Old school loyalties entangle Thomas Lynley in a case that promises to be both tragic and troubling. A boy has gone missing from Bredgar Chambers, an independent school in the heart of West Sussex, and John Corntel, the lad's housemaster, has turned up at New Scotland Yard to ask for Lynley's help. Because West Sussex is not within his jurisdiction, Lynley knows he should keep well clear of the case, but the boy within the man remembers his own school days at Eton and his former close ties with John Corntel. Thus, in Well-Schooled in Murder, Lynley finds himself deeply involved in the search for a child and, too soon, for that child's murderer.
With the assistance of Detective Sergeant Barbara Havers and forensic scientist Simon Allcourt-St. James, Lynley seeks the identity of an amoral killer. As the inspector and his sergeant question school prefects, the Headmaster, and both teachers and pupils closest to the dead boy, they begin to sense that something extraordinary and evil is going on at this privileged enclave of the elite's children. And the key that will unlock the reality of Matthew Whateley's death lies in uncovering the secrets and undermining the loyalties of a closed society.

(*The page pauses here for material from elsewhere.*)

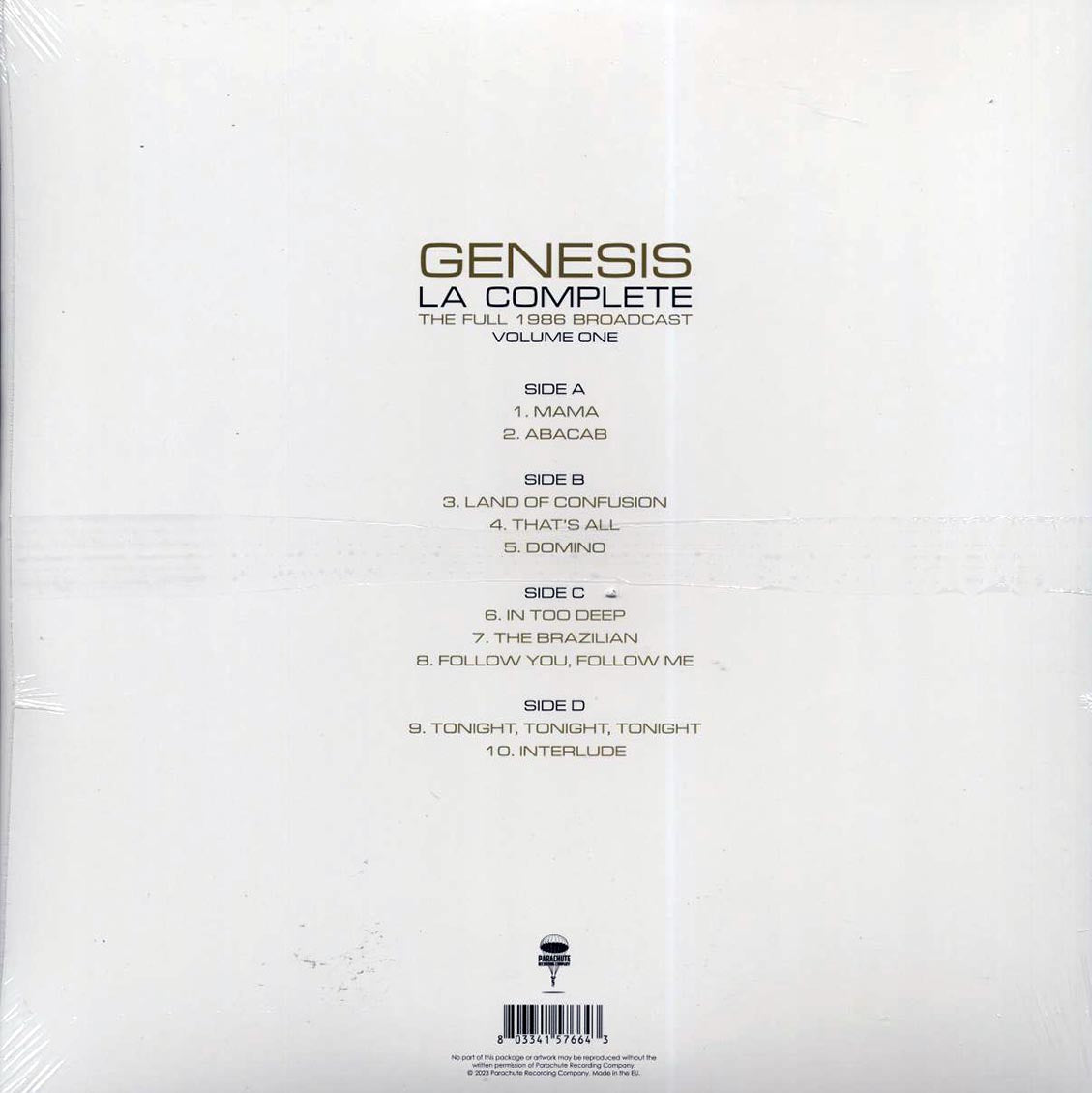 Genesis - LA Complete Volume 1: The Full 1986 Broadcast (2xLP) vinyl LP back cover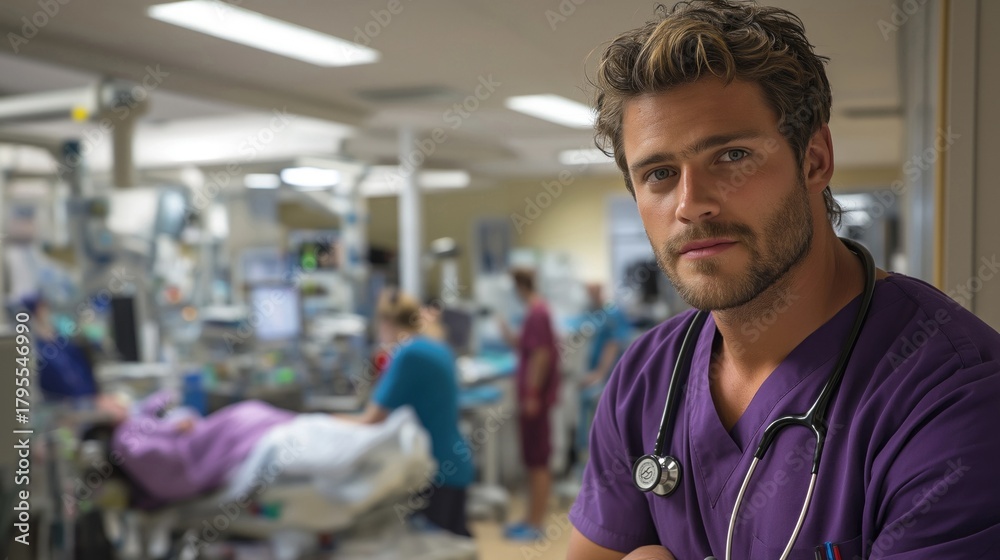 Obraz premium A focused male nurse in scrubs stands confidently in a busy hospital environment. The background shows medical equipment and patients, highlighting a caring atmosphere.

For Lynley, who is mourning the absence of Helen Clyde, for Sergeant Havers, who is trying desperately to escape the responsibilities of her claustrophobic family life, and for Simon St. James, whose marriage is disintegrating for reasons he cannot understand, the investigation into Matthew's death will lead perilously close to their own emotional wounds. It will be these personal issues, as much as the cryptic clues that refuse to yield a definitive suspect, that may blind them all to the signs of another murder in the making-and to a terrible act of desperation that will break down the barriers of the past to expose a truth too long hidden in the name of love.
This is a highly charged work of dark motives, powerful feelings, and treacherous infidelities that takes the reader even deeper into he interlocking lives of Lynley, St. James, and Havers.